The Commission’s refusal to honor the FOIA request rested on exemption 7(A), 5 U.S.C. § 552(b)(7)(A), which excludes “records or information compiled for law enforcement purposes” to the extent that production “could reasonably be expected to interfere with enforcement proceedings.” The declaration of an attorney in the Commission’s Division of Enforcement explains why rеleasing these records might interfere with the investigation and any resulting enforcement proceeding. According to the declaration, Jacobi represented not only Swan and Tele-tek, but also six other people and entities in connection with this matter, and may himself have participated in the transactions under examination. The records encompassed within the FOIA request disclose the identities of witnesses, contain information obtained from sources other than Swan and Teletek, and reflect the Commission staffs selective recording of Jacobi’s statements, revealing the scope and focus of the investigation. Producing these records would risk allowing those under Commission scrutiny to tailor their testimony, intimidate witnesses, manufacture favorable evidence, and conceal damaging evidence. On its face, the declaratiоn seems to satisfy the burden exemption 7(A) imposes on the Commission.
See, e.g., NLRB v. Robbins Tire & Rubber Co.,
Rather than contesting the declaration directly, Swan and Teletek insist that these records are outside exemption 7(A) because they refleсt statements of their attorney while he represented them. The idea is that information their attorney conveyed to the Commission must be treated as coming from them. How, then, can giving them information they provided “interfere” with the Commission’s “enforcement proceedings”? Interference, they say, could result only if the requester would wind up learning something new.
Swan and Teletek’s argument contains more than a few holes. They cannot know for certain what Jacobi said to the Commission, so it is hardly correct for them to say they are merely requesting information they already possess. Also, there is no reason to suppose that everything Jacоbi said amounted to a representation on their behalf. Jacobi had other clients and he appears to have a personal stake in the Commission’s inquiry. At any rate, the position Swan and Teletek advance embodies a mistaken legal theory.
FOIA does not make distinctions based on who is requesting the information. Records, if not exempt, must be made “promptly available to any person.” 5 U.S.C. § 552(a)(3). Whether exemption 7(A) protects against disclosure to “any person” is a judgment to be made without regard to the particular requester’s identity. “Except for cases in which the objection to disclosure is based on a claim of privilege and the person requesting disclosure is the party protected by the privilege, the identity of the requesting party has no bearing on the merits of his or her FOIA request.”

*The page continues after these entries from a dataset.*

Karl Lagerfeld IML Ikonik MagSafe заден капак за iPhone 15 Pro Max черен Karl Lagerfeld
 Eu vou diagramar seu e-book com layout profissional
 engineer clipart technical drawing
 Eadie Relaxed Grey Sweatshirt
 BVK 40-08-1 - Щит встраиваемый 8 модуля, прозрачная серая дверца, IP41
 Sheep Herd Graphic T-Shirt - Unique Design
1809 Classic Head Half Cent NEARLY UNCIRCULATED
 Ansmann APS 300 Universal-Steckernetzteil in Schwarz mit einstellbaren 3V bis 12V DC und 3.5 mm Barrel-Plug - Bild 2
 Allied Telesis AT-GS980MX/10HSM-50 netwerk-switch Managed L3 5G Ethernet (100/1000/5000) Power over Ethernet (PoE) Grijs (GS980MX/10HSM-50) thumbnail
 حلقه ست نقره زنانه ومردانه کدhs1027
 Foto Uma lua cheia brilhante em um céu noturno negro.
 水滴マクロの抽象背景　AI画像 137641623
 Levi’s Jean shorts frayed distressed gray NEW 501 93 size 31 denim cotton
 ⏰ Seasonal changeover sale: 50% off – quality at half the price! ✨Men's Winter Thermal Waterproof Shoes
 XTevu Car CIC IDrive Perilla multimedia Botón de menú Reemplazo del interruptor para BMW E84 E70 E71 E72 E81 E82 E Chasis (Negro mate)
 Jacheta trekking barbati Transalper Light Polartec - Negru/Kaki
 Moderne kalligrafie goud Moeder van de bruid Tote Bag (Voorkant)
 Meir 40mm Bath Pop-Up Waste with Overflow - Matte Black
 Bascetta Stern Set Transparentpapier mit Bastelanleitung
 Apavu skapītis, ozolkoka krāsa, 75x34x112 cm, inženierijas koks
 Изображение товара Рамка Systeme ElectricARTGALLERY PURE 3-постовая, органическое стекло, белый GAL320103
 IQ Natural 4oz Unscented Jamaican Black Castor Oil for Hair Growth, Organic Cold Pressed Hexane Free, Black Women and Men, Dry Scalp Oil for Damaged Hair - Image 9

United States Dep’t of Justice v. Reporters Comm. fоr Freedom of the Press,
The reasons for this are not far to seek. FOIA directs agencies to make information “available to the publiс.” 5 U.S.C. § 552(a). Federal agencies receive hundreds of thousands of these requests each year. It would be an administrative nightmare if disclosure turned on who was making the request. For one thing, the agencies may not know who ultimately will receive the information. Attorneys and agents are in the business of filing FOIA requests for others. Once records are released, nothing in FOIA prevents the requester from disclosing the information to anyone else. The statute contains no provisions requiring confidentiality agreements or similar conditions. Furthermore, agencies could hardly be expected to conduct investigations into the circumstances of individual requesters. Agencies, and hence courts, must evaluate the risk of disclosing records to some particular FOIA requester not simply in terms of what the requester might do with the information, but also in terms of what anyone else might do with it.
Neither
Campbell v. Department of Health & Human Services,
As to Swan and Teletek, they are not the only ones caught up in the Commission’s investigation. In determining whether releasing these reсords could, in exemption 7(A)’s terms, “reasonably be expected to interfere with enforcement proceedings,” the Commission therefore rightly evaluated the request on the basis that the information would become public and available to everyone, including others under Commission scrutiny. The Commission also had ample grounds for believing that Swan and Teletek themselves could have used the information to impede the investigаtion. One may suppose that some of Jacobi’s statements originated with Swan and Teletek. During at least some of his encounters with the Commission, Jacobi acted as Swan and Teletek’s attorney, and it is likely that somе of his statements to the Commission involved repeating information he had learned from them. But this scarcely means that the Commission’s records of even those statements contain nothing not already known to Swan and Teletek. The Commission’s records reveal what the Commission staff thought important and worth recording and, by negative implication, what the staff thought unimportant. The records could reveal much about the focus and scоpe of the Commission’s investigation, and are thus precisely the sort of information exemption 7(A) allows an agency to keep secret. Under similar circumstances, other courts have held that government records of a target’s own statements, much less statements of the target’s attorney, fall within exemption 7(A).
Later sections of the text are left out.